Furthermore, the longer the delay in TB diagnosis and treatment, the higher the risk of more severe lung tissue damage and of the transmission of the mycobacterium to other close contacts. A cross-sectional study was conducted among newly diagnosed pulmonary TB patients in India to assess pulmonary TB’s patients’ health-seeking behaviours (Jebamalar, Senthilkumar & Ramola, 2018). The researchers reported that the reasons for delays in seeking care were the hope of self-resolution, financial constraints, fear of the diagnosis, incompatible timings and poor health-care accessibility. The time duration of having TB symptoms has been considered a crucial variable in calculating TB risk scores (Graham, 2011; Pinto et al., 2013; Hanifa et al., 2017; Jebamalar, Senthilkumar & Ramola, 2018). A significant score was given to those with a longer duration of TB symptoms, particularly when they had two or more weeks history of TB symptoms when they presented themselves.

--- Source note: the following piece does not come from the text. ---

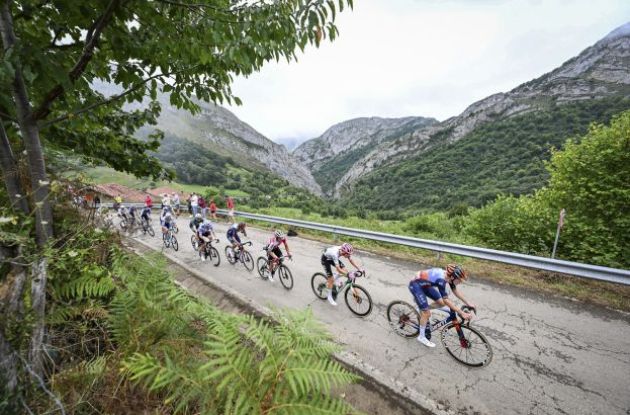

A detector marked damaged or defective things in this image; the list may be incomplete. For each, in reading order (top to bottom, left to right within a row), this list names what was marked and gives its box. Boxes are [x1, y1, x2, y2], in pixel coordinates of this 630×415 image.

cracked road surface [128, 218, 630, 415] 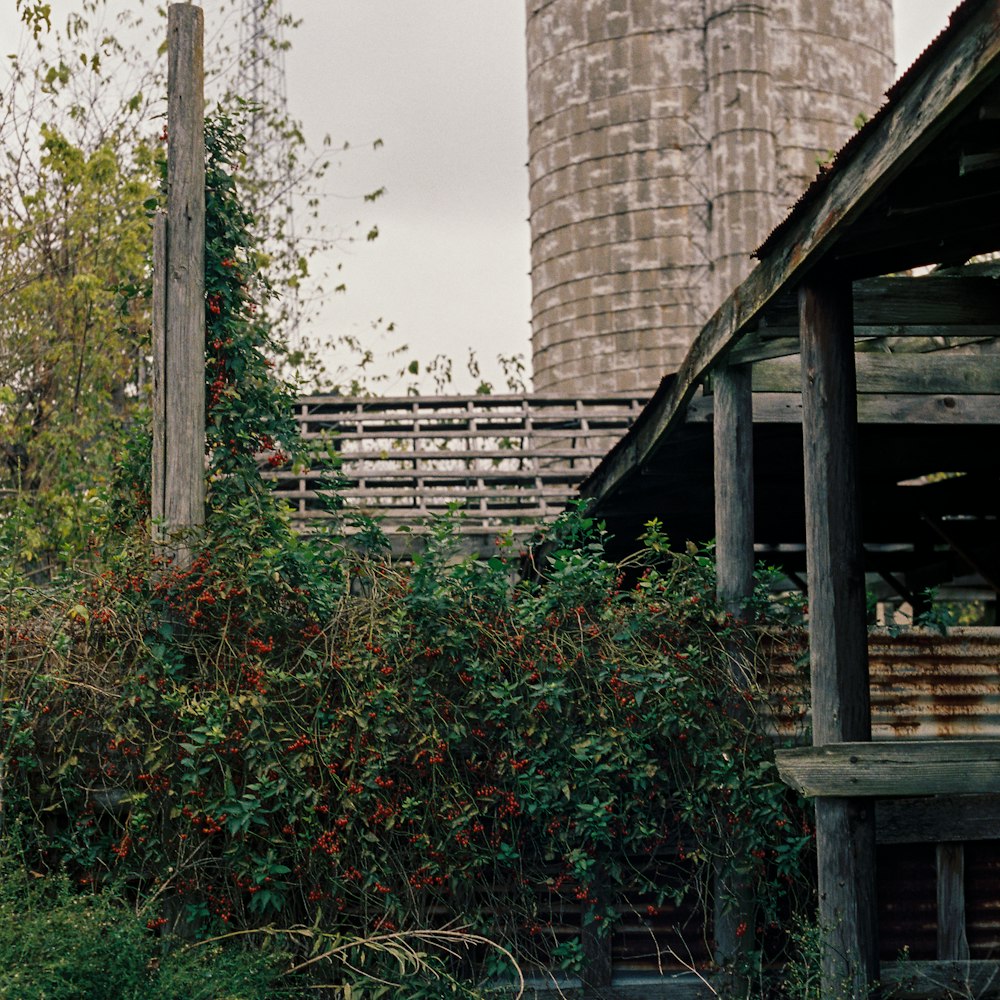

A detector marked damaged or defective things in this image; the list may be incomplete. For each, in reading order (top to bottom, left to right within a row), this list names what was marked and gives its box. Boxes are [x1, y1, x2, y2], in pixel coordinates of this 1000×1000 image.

rusted corrugated metal panel [760, 628, 996, 740]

A small sample size was one of the limitations of this study, because it limits the findings regarding the association of other variables with TB disease and results in a wide 95% CI for the adjusted odds ratio. In addition, this study was conducted in the years 2020 and 2021, during which the COVID-19 pandemic significantly affected the data collection process. Within this period, people’s movements were limited, and the number of patients who attended health clinics in Bachok, Kelantan was remarkably reduced, with many patients choosing not to attend the health clinic if they had minor illnesses, due to the fear of being infected with COVID-19.
Conclusion
This study demonstrated that significant predictors for TB disease among smokers were being categorised as an ex-smoker, losing weight, having night sweats and a longer duration of TB symptoms. Delineating these TB predictors in smokers will guide health authorities to design better and more comprehensive plans for a national TB control programme by formulating criteria for TB screening in the smoker population. A specific protocol for TB screening of smokers could be implemented in Quit Smoking Clinics and could be expanded to all outpatient departments (OPD) of primary care facilities. Consequently, early TB diagnosis and treatment in groups at risk and TB transmission prevention in the wider community would be achieved.